Pour la plupart des gens, vous êtes dessinateur, mais finalement, ce qui vous a attiré en premier lieu, c'est vraiment le théâtre. D'ailleurs, vous avez joué dans un film d'André Delvaux dans lequel vous aviez huit ans. Il vous a rappelé 17 ans plus tard.

En fait, André Delvaux, grand réalisateur belge, m'appelle pour jouer un rôle dans un film. Mon nom est au générique, mais en cinquième position et des amis vont voir ce film et ils m'appellent après. Ils me disent : "On a vu ton nom au générique, mais on ne t'a pas vu dans le film". Je me dis que ce n'est pas possible et effectivement, dans une scène, ça se passe pendant la guerre, Marie-Christine Barrault est réveillée en pleine nuit, et elle voit de l'autre côté de la rue une voiture de la Gestapo qui s'arrête et des types qui vont frapper à une porte. Un type sort de la maison, on le prend, on le met dans la voiture, eh bien, ce type-là, c'était moi.

"Je suis apparu quatre secondes et demie dans ce film, mais par amitié, André Delvaux m'a mis au générique."

Philippe Geluck

à franceinfo

Ce qui ressort dans tout cet ouvrage, c'est la liberté d'expression. Entre chaque anecdote, de temps en temps, il y a des dessins qui sont dédiés à l'actualité. Est-ce que le fait de dessiner aujourd'hui et depuis vos débuts vous a offert cette liberté ?

Oui, et merci à cet art qui est tant réprimé dans des pays dictatoriaux. Je ne vous raconte pas le quotidien d'un dessinateur d'humour iranien, chinois ou nord-coréen, c'est juste impossible. Dans nos pays, on peut encore s'exprimer à travers cet art-là. J'essaye de produire tant que je peux sur des sujets parfois très grinçants. Il y en a quelques-uns dans le livre et je pense que, si l'intention est louable dans le dessin, c’est-à-dire si elle n'est pas dans l'insulte et que c'est une façon de réfléchir au sujet, je pense qu'il y a encore de belles années devant nous.
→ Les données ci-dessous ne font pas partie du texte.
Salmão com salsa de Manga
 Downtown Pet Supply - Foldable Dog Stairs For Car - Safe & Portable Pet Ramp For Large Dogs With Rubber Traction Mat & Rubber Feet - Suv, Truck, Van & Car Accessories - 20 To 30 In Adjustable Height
C'est pour ça que le Chat n'a jamais été attaqué et c'est ce qui fait votre plus grande force ?

Je l'ai été une fois, c'était dans un hebdomadaire français. Après l'affaire DSK, j'avais dessiné Le Chat qui tenait dans les mains un journal sur lequel j'avais écrit : "L'affaire DSK, le coup de bite qui a changé l'histoire de France". Et là, ils se sont dit : "Non, on ne peut pas". Or, c'était la vérité. Mais je veux garder cette liberté-là parce qu'en fait, c'est une démarche de sale gamin et ça, c'est ma vie. En fait, je suis resté un sale gamin.
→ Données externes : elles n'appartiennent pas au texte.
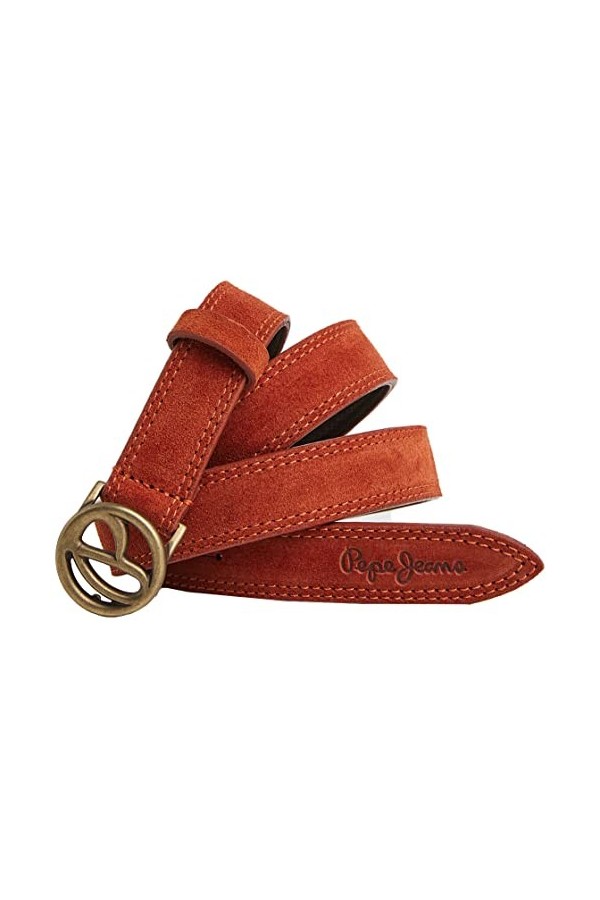 Pepe Jeans Ceinture dAthéna, Orange Bois de Cèdre , S Femme
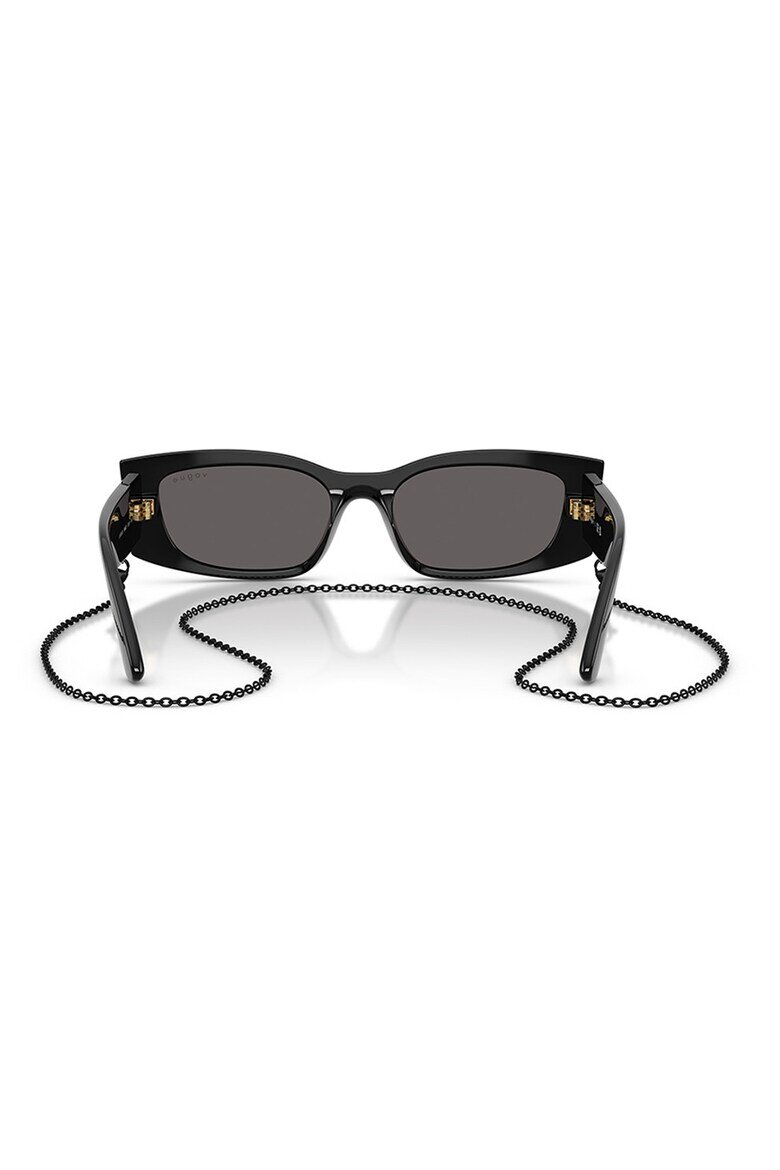 VOGUE EYEWEAR Правоъгълни слънчеви очила Черен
On a l'impression qu'au fil du temps, votre regard n'a toujours pas changé ?

La seule chose qui a changé, c'est que je pensais très sincèrement, quand j'avais entre 16 et 18 ans, que la démocratie était si forte qu'elle était là pour toujours chez nous. Je me rends compte 50 ans plus tard que ce n'est pas forcément vrai. L'espoir, je le garde, j'ai des petits enfants et donc pour eux, je dois me battre pour que le monde qu'on va leur laisser soit vivable. Le combat n'est pas gagné, mais il ne faut jamais baisser les bras.